そんな丸っきり不審者なボクに、心優しい八十島さんの方から話が振られた。流石は八十島さん、嬉しい気遣いだ。
「男女川さんは何か部活とかするのかしら?」
「えっと、かるた部なんですけど……」
「かるたっていうと、百人一首?でもそんな部活あったかしら?部活動紹介でも見た記憶がないのだけれども?」
「それはこれから立ち上げるっていう話で――」
「八っ十島さ~ん!」
突然背後から襲う大声にビックリして息が止まる。
「何?何?何の話してんの?」
「竜田川君、乙女の話に割り込むなんて、ちょっと無粋よ。部活動はどうするのー?って話をしてたのよ」
「じゃぁもう、和泉から話は聞いた?」
「和泉……君?何の話かしら?」
「まだ聞いてない?和泉がかるた部を立ち上げるんだ。で、経験者を中心に部員を募集しているってワケ。そ、こ、で。八十島さんにもぜひ入部して欲しいんだ。八十島さんも経験者なんでしょ?」
「ボクからもお願いします」
「ちょっと待ってよ。経験者って言うけど私、小学校の頃に一度市のイベントか何かに参加したことがあるって程度よ?」
「俺も同じようなもんだよ。和泉に言われてようやく「あー、そーいやいっぺんだけ和泉に付き合って何かの大会に出たっけ」って思い出したくらいさ。ぶっちゃけ百人一首なんて、秋の田の~と他に2つ3つくらいしか思い出せない」
「経験者なら興味持ってもらいやすいかなー?ってだけで、実力は問わないって」
こちらから援護射撃を加えるけれど、八十島さんは難しそうな顔をしている。
「男女川さんがやるって言うのなら考えなくもないけど……ううん、待って。そもそもなんで私が大会に出たことがあるなんて知ってるの?」
「それは……これだよ」
広げられた紙には、二十余人ほどの名前が列記されている。男女川、和泉、八十島、竜田川……と、どういう偶然かこのクラスの人間の名前が、そのリストの頭に並んでいた。その並び順も不可解で、五十音順にすらなっておらず、個人的にはなんでボクがトップバッターなのかは、キッチリと問い質しておきたいところだ。ついでに、それは極秘資料という話じゃなかったのか?という点についても。
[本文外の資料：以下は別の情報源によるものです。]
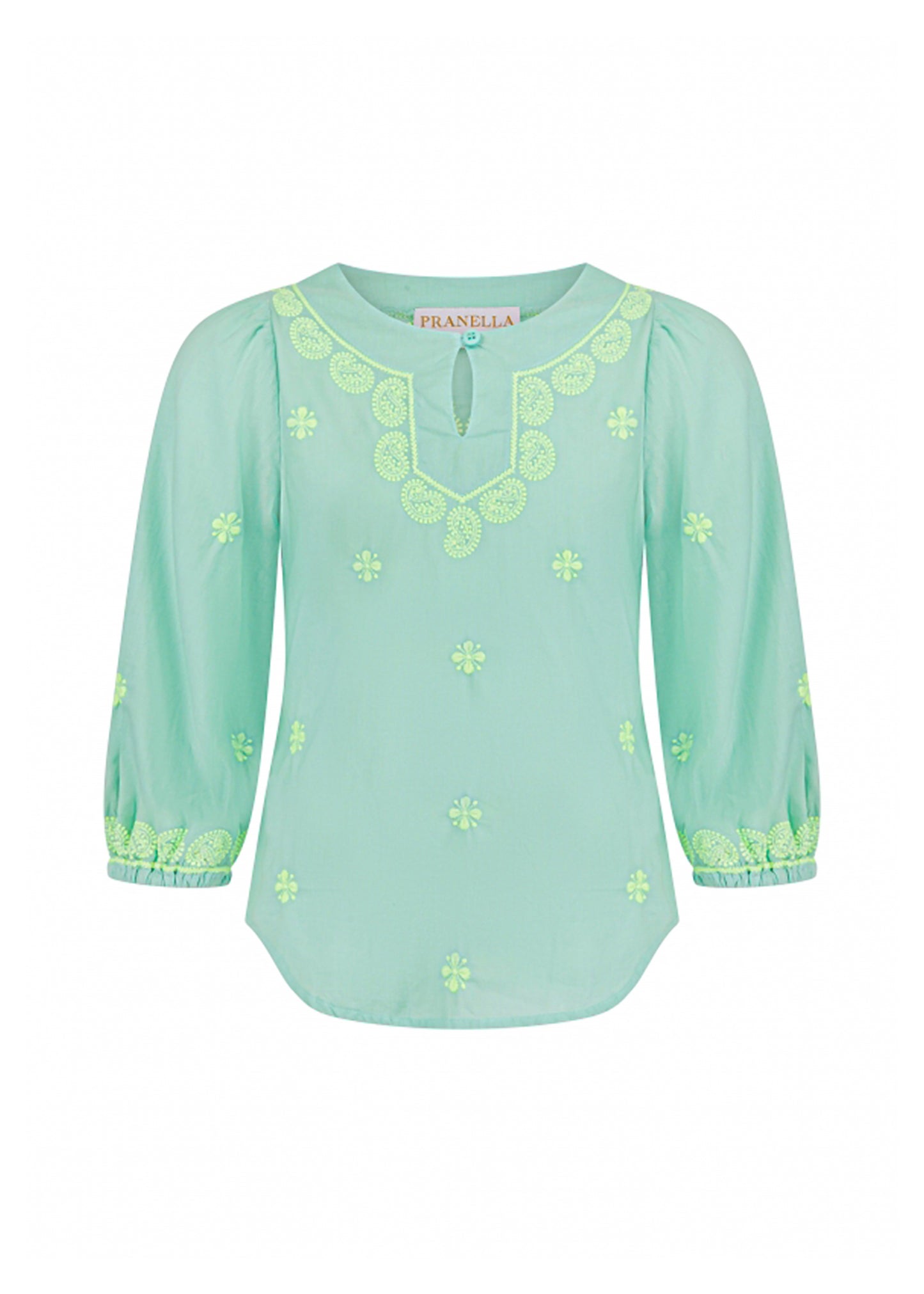 Load image into Gallery viewer, Camille Kids Mint Blouse
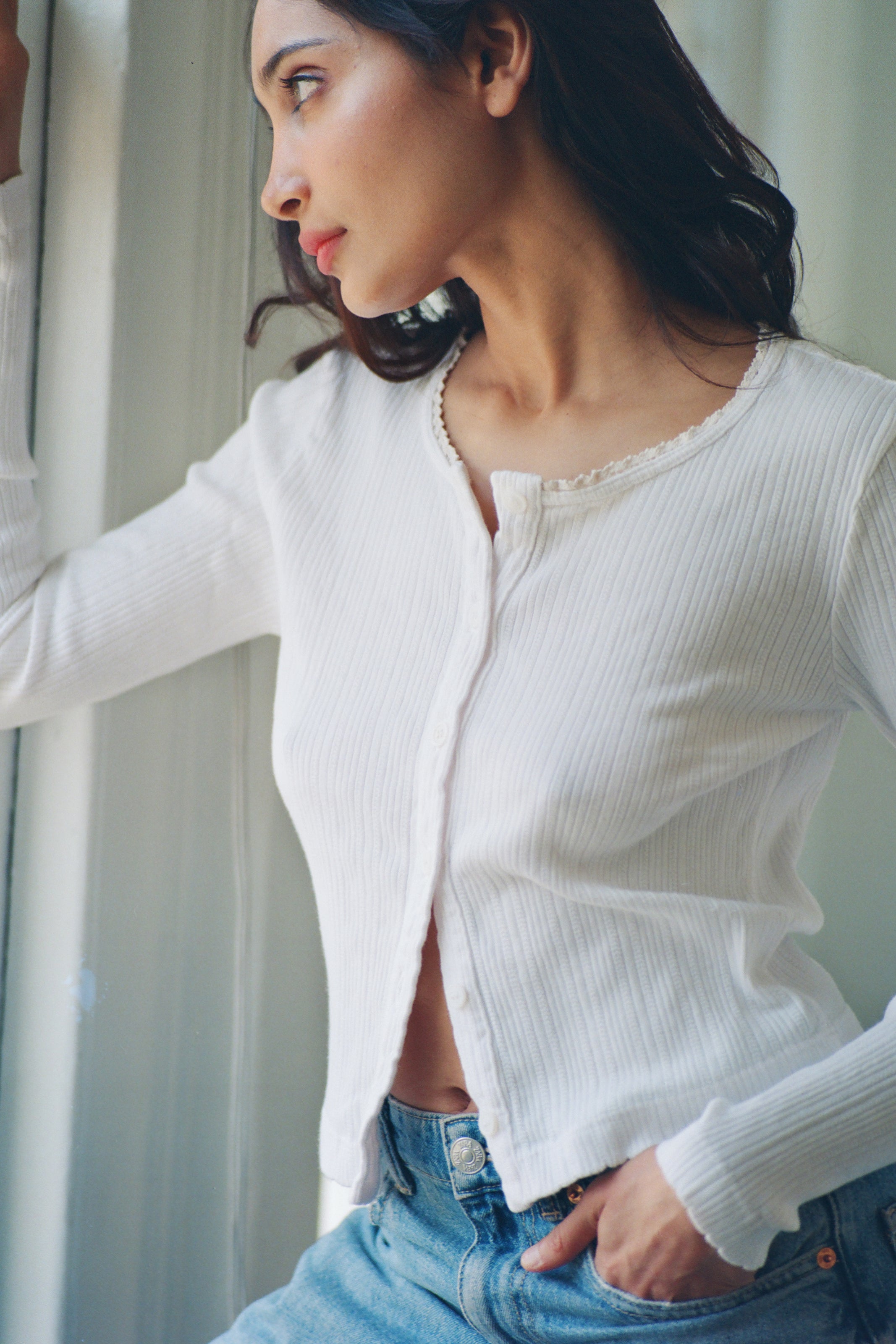 Posie Pointelle Cardigan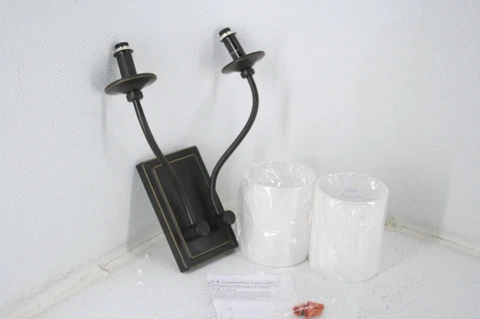 Progress Lighting P710019020 Luxury Glam Steel Bronze Bonita Wall Sconces Cover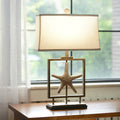 Fabric Marine Starfish Table Lamp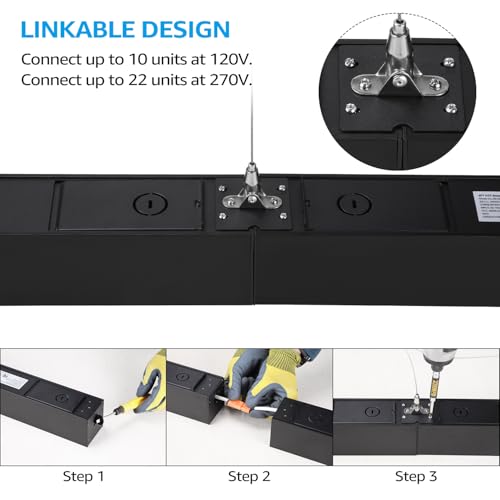 2 Pack 4FT Linkable LED Linear Light (2 Count)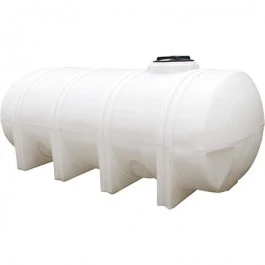 An image of a 1235 Gallon Norwesco White Elliptical Leg Tank | 40239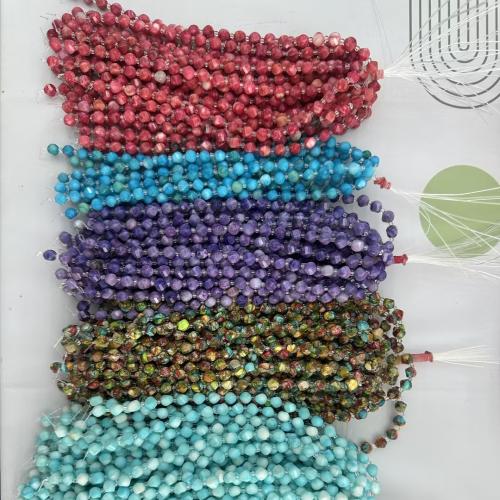 Perle empereur Pierre , Jaspe d'impression, DIY, plus de couleurs à choisir Environ 20 cm, Vendu par brin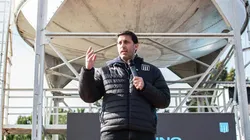 Diego Milito, presidente de Racing.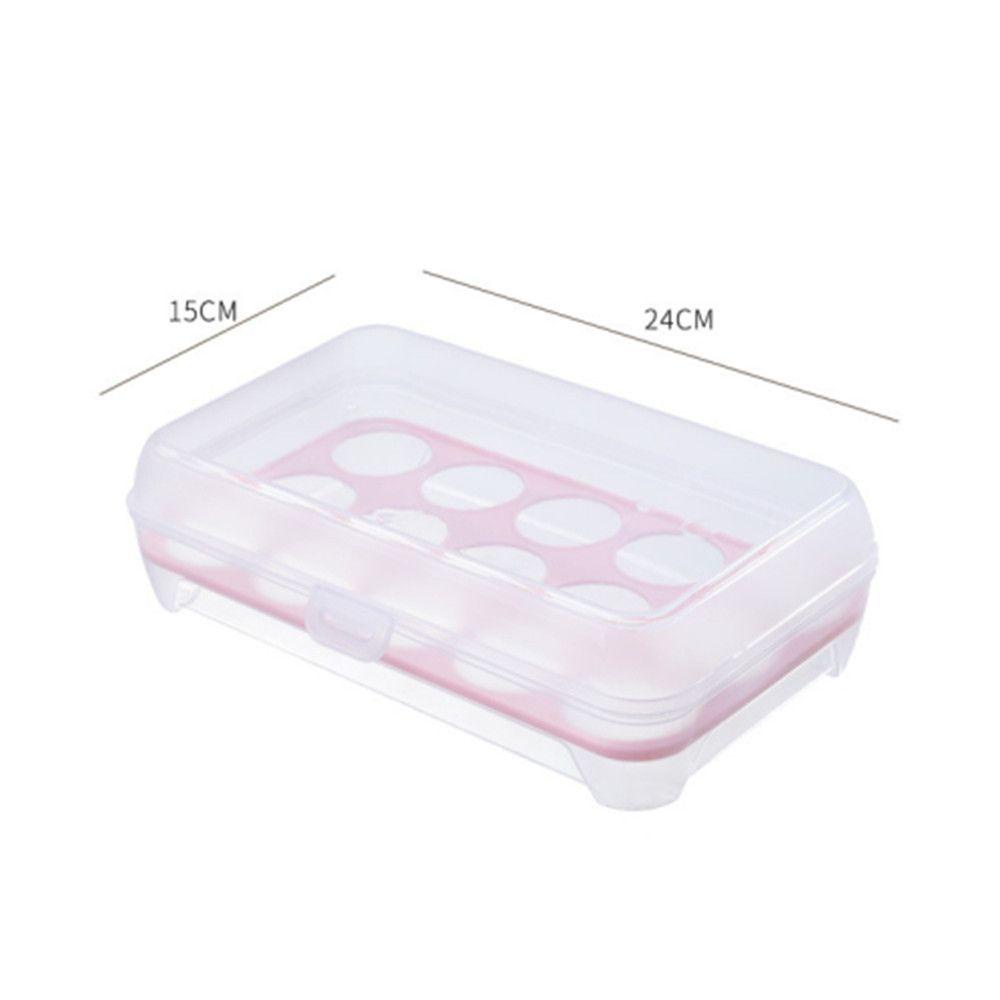 Solighter Kotak Penyimpanan Telur Portable Bening Pengawet Makanan 15kisi Egg Tray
「この学校の、かるた経験者のリスト。県のかるた連盟の人が用意してくれたんだ」
「……呆れた。個人情報の流出よ?」
「……だよね」
八十島さんに同意して苦笑する。これが部活動の勧誘だからまだしも、関連グッズの訪問販売とかだったらちょっと笑い話じゃ済まない。
「かるた連盟だってきっと必死なんだよ。そんなマイナーでパッとしない競技を広めようと思ったら多少は強引に行かないと」
「そんな強引に勧誘しなきゃいけない様なマイナーでパッとしない部活動に私は勧誘されているワケね」
八十島さんの言い種は心底迷惑そうで、髪を掻き上げる仕種も鬱陶しげだった。物憂げに溜め息を吐く姿も深窓の令嬢よろしく、様になっている。